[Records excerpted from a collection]
□ □ □ □ □

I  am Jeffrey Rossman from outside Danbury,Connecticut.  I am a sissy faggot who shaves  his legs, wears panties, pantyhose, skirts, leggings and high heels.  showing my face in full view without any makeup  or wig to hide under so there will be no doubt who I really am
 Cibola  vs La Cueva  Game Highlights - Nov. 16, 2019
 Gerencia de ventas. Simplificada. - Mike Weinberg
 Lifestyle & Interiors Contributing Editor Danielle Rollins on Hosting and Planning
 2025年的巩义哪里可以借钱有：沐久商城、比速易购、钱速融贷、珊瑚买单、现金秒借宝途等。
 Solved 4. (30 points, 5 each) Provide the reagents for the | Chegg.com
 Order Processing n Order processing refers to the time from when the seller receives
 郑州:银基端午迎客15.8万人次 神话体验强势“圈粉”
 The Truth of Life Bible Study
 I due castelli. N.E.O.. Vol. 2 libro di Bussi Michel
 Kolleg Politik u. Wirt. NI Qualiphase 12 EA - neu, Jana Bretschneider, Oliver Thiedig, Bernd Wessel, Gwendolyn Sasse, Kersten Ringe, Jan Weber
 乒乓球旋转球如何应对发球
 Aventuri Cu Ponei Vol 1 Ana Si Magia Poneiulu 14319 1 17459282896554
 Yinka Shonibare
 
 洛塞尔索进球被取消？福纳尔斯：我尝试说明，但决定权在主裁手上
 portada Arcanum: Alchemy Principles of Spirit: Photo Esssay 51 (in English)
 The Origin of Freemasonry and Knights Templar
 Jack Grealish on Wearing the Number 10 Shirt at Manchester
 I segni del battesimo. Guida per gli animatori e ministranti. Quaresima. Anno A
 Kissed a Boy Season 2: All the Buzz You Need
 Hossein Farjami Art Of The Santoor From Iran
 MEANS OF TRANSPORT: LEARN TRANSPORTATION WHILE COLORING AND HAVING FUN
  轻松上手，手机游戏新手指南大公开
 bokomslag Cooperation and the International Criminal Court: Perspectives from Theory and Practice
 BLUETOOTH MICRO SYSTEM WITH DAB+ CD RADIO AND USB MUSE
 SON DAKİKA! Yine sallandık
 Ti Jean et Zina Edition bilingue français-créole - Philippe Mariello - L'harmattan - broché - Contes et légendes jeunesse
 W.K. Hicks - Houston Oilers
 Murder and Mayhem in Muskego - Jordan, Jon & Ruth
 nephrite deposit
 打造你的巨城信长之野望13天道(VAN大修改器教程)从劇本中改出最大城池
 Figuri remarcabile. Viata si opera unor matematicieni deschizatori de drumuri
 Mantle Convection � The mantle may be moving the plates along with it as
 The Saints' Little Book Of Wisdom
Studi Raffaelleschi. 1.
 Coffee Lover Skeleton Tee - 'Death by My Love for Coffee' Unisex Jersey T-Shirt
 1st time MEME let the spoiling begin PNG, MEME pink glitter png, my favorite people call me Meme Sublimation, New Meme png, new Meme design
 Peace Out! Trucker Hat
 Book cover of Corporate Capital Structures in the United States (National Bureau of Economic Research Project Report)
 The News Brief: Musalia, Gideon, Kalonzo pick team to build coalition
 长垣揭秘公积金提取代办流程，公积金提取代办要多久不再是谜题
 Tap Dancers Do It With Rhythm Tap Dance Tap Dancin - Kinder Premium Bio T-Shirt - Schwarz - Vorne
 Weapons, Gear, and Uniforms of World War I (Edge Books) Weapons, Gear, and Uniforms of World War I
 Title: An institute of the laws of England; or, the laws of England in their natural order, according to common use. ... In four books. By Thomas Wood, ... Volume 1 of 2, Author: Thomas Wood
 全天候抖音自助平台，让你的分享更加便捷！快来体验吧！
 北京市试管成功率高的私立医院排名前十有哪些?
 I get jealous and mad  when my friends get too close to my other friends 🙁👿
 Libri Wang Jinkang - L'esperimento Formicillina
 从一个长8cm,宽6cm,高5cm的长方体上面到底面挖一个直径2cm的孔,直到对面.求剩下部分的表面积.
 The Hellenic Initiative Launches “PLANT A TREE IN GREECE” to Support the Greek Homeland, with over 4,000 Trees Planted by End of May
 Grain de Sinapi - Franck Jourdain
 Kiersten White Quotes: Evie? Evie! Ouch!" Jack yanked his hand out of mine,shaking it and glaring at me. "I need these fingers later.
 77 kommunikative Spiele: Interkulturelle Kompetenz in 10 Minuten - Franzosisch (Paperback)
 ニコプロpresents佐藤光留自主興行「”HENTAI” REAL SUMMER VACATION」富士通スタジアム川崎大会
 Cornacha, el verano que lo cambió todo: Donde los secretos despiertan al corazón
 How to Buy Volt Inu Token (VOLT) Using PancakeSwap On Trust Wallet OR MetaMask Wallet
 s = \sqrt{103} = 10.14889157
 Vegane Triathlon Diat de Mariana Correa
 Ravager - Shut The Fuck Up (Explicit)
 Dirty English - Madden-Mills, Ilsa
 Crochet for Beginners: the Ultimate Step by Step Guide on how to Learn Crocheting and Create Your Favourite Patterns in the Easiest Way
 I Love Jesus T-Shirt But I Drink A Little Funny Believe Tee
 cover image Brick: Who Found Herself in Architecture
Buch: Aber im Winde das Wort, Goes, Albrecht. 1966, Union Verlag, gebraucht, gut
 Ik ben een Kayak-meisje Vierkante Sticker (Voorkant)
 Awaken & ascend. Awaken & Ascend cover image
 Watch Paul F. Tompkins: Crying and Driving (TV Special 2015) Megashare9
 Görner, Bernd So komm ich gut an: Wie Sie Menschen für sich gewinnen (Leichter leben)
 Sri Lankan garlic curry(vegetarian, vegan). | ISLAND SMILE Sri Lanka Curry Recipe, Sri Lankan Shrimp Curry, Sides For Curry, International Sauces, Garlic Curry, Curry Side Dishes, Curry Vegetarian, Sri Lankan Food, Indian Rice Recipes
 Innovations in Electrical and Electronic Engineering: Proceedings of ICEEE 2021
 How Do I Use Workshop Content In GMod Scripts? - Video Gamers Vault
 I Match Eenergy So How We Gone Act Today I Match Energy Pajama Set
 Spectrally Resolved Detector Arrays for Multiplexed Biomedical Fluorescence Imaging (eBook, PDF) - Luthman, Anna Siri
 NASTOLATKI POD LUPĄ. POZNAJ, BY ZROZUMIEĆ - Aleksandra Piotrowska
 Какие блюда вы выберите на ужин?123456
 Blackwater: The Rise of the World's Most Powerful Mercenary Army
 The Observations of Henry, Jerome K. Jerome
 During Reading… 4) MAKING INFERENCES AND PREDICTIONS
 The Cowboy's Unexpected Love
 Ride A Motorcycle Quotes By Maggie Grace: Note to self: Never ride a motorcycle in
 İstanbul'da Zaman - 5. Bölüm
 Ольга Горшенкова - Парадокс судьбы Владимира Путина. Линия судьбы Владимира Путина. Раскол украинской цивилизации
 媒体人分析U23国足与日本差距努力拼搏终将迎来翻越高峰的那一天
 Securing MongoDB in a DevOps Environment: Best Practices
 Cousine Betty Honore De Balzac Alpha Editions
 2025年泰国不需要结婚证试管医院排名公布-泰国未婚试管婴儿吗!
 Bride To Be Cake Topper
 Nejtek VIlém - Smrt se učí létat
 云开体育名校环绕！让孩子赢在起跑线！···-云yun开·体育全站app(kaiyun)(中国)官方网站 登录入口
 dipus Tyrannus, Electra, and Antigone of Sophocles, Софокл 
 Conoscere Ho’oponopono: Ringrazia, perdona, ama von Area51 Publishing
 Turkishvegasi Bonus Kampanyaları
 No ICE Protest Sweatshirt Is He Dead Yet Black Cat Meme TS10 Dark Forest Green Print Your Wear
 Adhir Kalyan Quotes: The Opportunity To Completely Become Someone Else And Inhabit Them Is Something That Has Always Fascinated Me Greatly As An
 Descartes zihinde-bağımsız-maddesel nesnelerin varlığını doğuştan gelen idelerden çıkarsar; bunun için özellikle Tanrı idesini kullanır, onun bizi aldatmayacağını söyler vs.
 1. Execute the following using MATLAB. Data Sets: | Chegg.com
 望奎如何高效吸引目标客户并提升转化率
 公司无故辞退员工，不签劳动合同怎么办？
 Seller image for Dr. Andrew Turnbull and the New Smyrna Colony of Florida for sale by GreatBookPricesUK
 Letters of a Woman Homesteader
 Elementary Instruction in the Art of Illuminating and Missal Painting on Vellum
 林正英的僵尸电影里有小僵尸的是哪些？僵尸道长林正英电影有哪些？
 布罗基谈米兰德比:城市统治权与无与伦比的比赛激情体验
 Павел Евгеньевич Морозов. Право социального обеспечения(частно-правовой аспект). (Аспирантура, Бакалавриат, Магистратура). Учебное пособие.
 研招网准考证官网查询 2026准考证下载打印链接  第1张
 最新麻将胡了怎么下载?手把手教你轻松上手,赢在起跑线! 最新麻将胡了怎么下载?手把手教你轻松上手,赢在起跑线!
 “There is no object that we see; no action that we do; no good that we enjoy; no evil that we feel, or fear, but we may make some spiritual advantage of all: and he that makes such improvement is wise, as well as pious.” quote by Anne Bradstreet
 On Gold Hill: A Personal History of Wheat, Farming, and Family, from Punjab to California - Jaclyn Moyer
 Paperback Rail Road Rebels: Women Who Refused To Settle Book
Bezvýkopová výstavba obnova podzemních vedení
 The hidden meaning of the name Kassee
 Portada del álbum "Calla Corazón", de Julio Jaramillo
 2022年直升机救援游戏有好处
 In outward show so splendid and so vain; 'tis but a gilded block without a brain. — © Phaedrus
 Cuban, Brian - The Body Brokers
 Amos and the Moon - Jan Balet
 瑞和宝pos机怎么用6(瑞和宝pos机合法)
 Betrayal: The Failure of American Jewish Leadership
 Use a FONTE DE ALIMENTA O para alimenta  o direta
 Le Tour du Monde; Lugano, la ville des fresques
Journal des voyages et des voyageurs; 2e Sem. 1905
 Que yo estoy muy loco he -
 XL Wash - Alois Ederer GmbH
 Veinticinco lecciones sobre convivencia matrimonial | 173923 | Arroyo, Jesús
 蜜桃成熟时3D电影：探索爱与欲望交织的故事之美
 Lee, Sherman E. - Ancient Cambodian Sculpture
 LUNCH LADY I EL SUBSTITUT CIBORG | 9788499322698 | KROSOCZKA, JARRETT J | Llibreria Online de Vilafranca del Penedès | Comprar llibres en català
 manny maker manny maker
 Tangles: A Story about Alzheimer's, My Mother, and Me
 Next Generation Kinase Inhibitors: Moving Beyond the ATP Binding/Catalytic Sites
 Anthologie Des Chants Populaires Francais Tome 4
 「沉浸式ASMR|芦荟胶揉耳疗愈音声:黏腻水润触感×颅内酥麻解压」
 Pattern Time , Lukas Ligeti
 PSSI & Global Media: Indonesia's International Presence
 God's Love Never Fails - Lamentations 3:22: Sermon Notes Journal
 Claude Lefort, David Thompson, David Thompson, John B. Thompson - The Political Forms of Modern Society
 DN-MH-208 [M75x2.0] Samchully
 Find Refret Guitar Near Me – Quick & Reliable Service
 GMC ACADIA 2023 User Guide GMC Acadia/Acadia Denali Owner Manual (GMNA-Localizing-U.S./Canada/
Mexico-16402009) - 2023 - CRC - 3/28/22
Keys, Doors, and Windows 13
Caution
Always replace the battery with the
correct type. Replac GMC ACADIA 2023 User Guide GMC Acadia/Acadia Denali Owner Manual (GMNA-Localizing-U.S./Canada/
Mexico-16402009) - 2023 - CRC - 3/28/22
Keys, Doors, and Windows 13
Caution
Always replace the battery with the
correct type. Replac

□ □ □ □ □

◆ The task
Will you return exactly the lines above from the one with "NASTOLATKI POD LUPĄ." down to the one with "布罗基谈米兰德比:城市统治权与无与伦比的比赛激情体验", counting both as part of the range?

◆ Task output
 NASTOLATKI POD LUPĄ. POZNAJ, BY ZROZUMIEĆ - Aleksandra Piotrowska
 Какие блюда вы выберите на ужин?123456
 Blackwater: The Rise of the World's Most Powerful Mercenary Army
 The Observations of Henry, Jerome K. Jerome
 During Reading… 4) MAKING INFERENCES AND PREDICTIONS
 The Cowboy's Unexpected Love
 Ride A Motorcycle Quotes By Maggie Grace: Note to self: Never ride a motorcycle in
 İstanbul'da Zaman - 5. Bölüm
 Ольга Горшенкова - Парадокс судьбы Владимира Путина. Линия судьбы Владимира Путина. Раскол украинской цивилизации
 媒体人分析U23国足与日本差距努力拼搏终将迎来翻越高峰的那一天
 Securing MongoDB in a DevOps Environment: Best Practices
 Cousine Betty Honore De Balzac Alpha Editions
 2025年泰国不需要结婚证试管医院排名公布-泰国未婚试管婴儿吗!
 Bride To Be Cake Topper
 Nejtek VIlém - Smrt se učí létat
 云开体育名校环绕！让孩子赢在起跑线！···-云yun开·体育全站app(kaiyun)(中国)官方网站 登录入口
 dipus Tyrannus, Electra, and Antigone of Sophocles, Софокл 
 Conoscere Ho’oponopono: Ringrazia, perdona, ama von Area51 Publishing
 Turkishvegasi Bonus Kampanyaları
 No ICE Protest Sweatshirt Is He Dead Yet Black Cat Meme TS10 Dark Forest Green Print Your Wear
 Adhir Kalyan Quotes: The Opportunity To Completely Become Someone Else And Inhabit Them Is Something That Has Always Fascinated Me Greatly As An
 Descartes zihinde-bağımsız-maddesel nesnelerin varlığını doğuştan gelen idelerden çıkarsar; bunun için özellikle Tanrı idesini kullanır, onun bizi aldatmayacağını söyler vs.
 1. Execute the following using MATLAB. Data Sets: | Chegg.com
 望奎如何高效吸引目标客户并提升转化率
 公司无故辞退员工，不签劳动合同怎么办？
 Seller image for Dr. Andrew Turnbull and the New Smyrna Colony of Florida for sale by GreatBookPricesUK
 Letters of a Woman Homesteader
 Elementary Instruction in the Art of Illuminating and Missal Painting on Vellum
 林正英的僵尸电影里有小僵尸的是哪些？僵尸道长林正英电影有哪些？
 布罗基谈米兰德比:城市统治权与无与伦比的比赛激情体验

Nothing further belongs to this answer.